À travers un communiqué parvenu lundi 5 octobre à la rédaction d’Actu30.cd, la campagne « Le Congo n’est pas à vendre » apporte son soutien au rapport de l’Observatoire de la Dépense Publique (ODEP), dénonçant des « malversations financières » au sein de la société Transport du Congo (TRANSCO).
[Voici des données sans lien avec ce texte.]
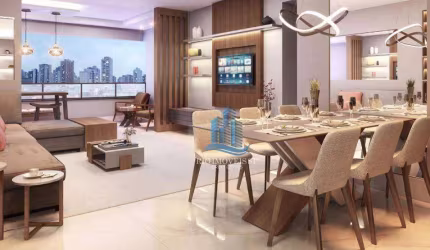 Apartamento com 3 dormitórios à venda, 135 m² por R$ 1.535.000,00 - Vila Assunção - Santo André/SP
Le CNPAV appelle, de ce fait, la justice congolaise à faire toute la lumière sur ce dossier.

Selon le CNPAV, dans son rapport, l’ODEP documente et prouve qu’il y a eu détournement des subventions du gouvernement et des recettes de cette société par son directeur administratif et financier.

Il s’agit là, selon cette organisation de la société civile, des détournements des
subventions, du carburant, des recettes mobilisées par la société, des recettes publicitaires, ainsi que la constitution des caisses parallèles ».

En outre, le CNPAV met en évidence le non-respect des procédures dans la passation des marchés publics par le directeur général suspendu qui, explique-t-il, a conduit à plusieurs irrégularités au sein de TRANSCO.

« Cette analyse est d’autant plus confirmée par l’Autorité de Régulation des Marchés Publics qui évoque 67% des marchés passés en violation des lois relatives aux marchés publics », soutient le CNPAV.

Par ailleurs, il dit soutenir la démarche de l’ODEP qui « vise à dénoncer les détournements de fonds à la TRANSCO auprès de la justice, afin qu’une enquête soit ouverte et que les coupables de ces actes qui mettent en danger l’avenir de la dite société, ainsi que celui des milliers de congolais, puissent subir la rigueur de la loi ».

Dans un rapport publié au mois de septembre dernier, l’ODEP a dénoncé des malversations financières au sein de TRANSCO. Il a appelé à des poursuites contre les auteurs de ces actes de détournement. Le jeudi dernier, cette organisation a déposé une dénonciation contenant 130 pièces à conviction au Parquet général près la Cour d’appel de Kinshasa-Matete, afin de pousser la justice à poursuivre les auteurs des magouilles financières au sein de TRANSCO.